Top of Entries supplied
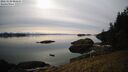 ./images/quadra/tower/20260530/tower20260530_082501M.jpg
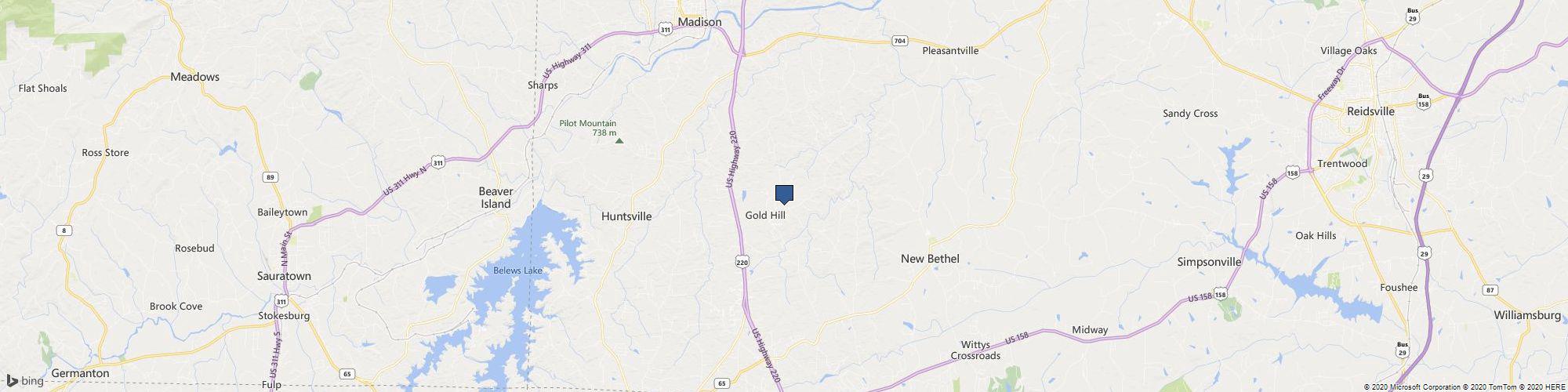 Apex Concrete & Hauling cover photo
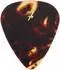Fender 70th Anniversary Pick Tin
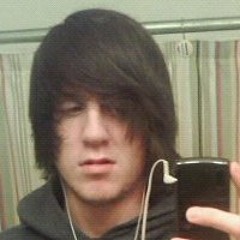 Steve TheRapper Storms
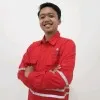 Alif Galih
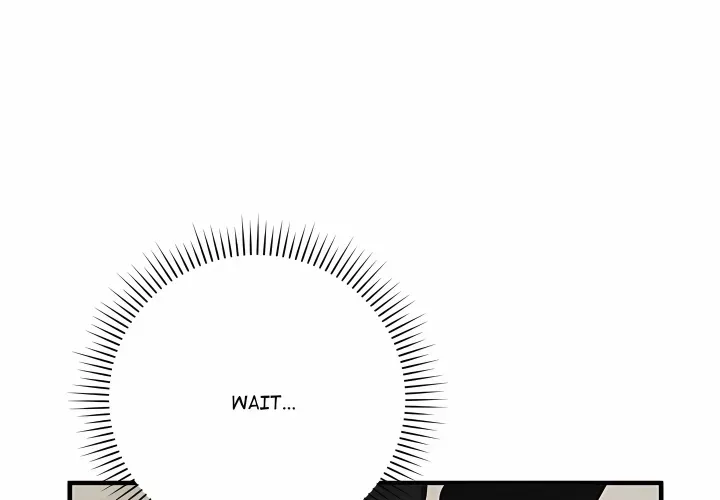Saving My Magical Girl Chapter 21 page 64 - 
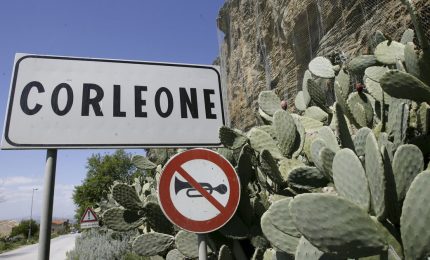 Su Mediaset arriva la solita fiction di mafia con protagonista 'Lady Corleone'. Era proprio necessario tirare in ballo Corleone?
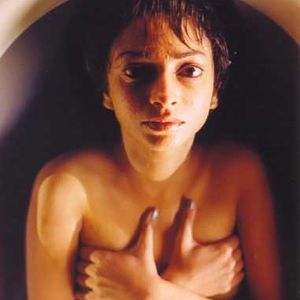 Sau Jhooth Ek Sach Still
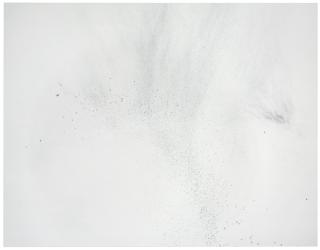 Thilo Heinzmann - O.T.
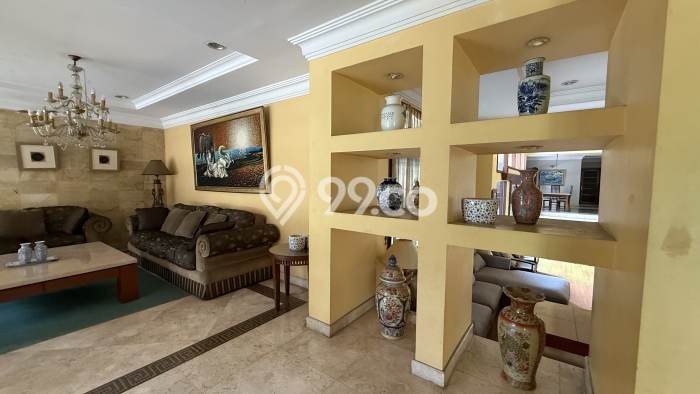 Vila Kawasan Ciawi, Ukuran 3801m2m², Cocok untuk tempat tinggal Anda Vila Kawasan Ciawi, Ukuran 3801m2m², Cocok untuk tempat tinggal Anda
Bottom of Entries supplied
▶ _Exercise aim_: What you return should match the material line for line, with the images removed.

▶ _Answer to this exercise_:
 ./images/quadra/tower/20260530/tower20260530_082501M.jpg
 Apex Concrete & Hauling cover photo
Fender 70th Anniversary Pick Tin
 Steve TheRapper Storms
 Alif Galih
Saving My Magical Girl Chapter 21 page 64 - 
 Su Mediaset arriva la solita fiction di mafia con protagonista 'Lady Corleone'. Era proprio necessario tirare in ballo Corleone?
 Sau Jhooth Ek Sach Still
 Thilo Heinzmann - O.T.
 Vila Kawasan Ciawi, Ukuran 3801m2m², Cocok untuk tempat tinggal Anda Vila Kawasan Ciawi, Ukuran 3801m2m², Cocok untuk tempat tinggal Anda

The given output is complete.